Sunday, January 24, 2016

Design, or Chance – are there no other options?


Obviously you already heard about the “Watch Challenge,” right? No, it’s not the William Paley argument. It’s also known as argument from improbability. Ok… it goes something like this: If you put some watch parts in a box and shake it, will it produce a watch? As a witless Christian would probably think – the argument is a dead end for atheism. You see, if a simple watch cannot be created by chance, what more a complex human or the universe itself. Therefore, there is a great designer AKA God!

The watch argument (argument from improbability) states that complex things could not have come about by chance.

That is true!

Unfortunately for this witless Christian, he had critically made a mistake when he assumed that there are only two possibilities to consider, design and chance.

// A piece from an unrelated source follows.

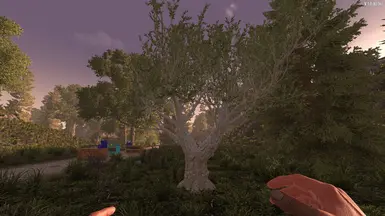 Plantable &amp; Harvestable Tree (Olives)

He forgot to consider that there are other possibilities like well… everything is an accidental by-product from some freaky experiments by more advance sentient beings from another universe or that we developed from a progression that we call as “natural process.” To define, natural process is a process existing in or produced by nature (rather than by the intent of human beings).

Let me illustrate.

Get a large jar and fill it with sand, stones and water and then shake it. Let it stand on a table and let the inside settle by itself. Now, notice that after some few hours, all the solid objects inside the jar will settle to the bottom of the water – large objects will be at the most bottom part (obviously, because they are heavier) and fine dust particle will be on the top of the slurry. Well, don’t tell me that I tried picking those heavier objects and then burying them in the muck inside the jar hahaha! Heavier objects sink to the bottom because of its weight, that’s it! That’s natural process.
A snow flake gets its beautiful, unique patterns when water vapor freezes. Natural bridges and caves were formed by erosions, coral reefs were formed by corals and stalactites/stalagmites were formed from the natural drops of mineral deposits inside a cave. Nope, they were not created by chance and were not designed by God – they were formed through natural process. 

Complexity 
Complexity is defined as the quality of being intricate and compounded. I once read somewhere (I forgot) about this Christian apologist saying that God is simple – yeah, something like that. However, I was just wondering, if humans are the likeness and image of God and humans are complex, then that makes God complex too. Specially the biblical god, in which this guy can also feel the same complex feelings that humans have: jealousy, rage, happiness, sadness, remorse, repentance.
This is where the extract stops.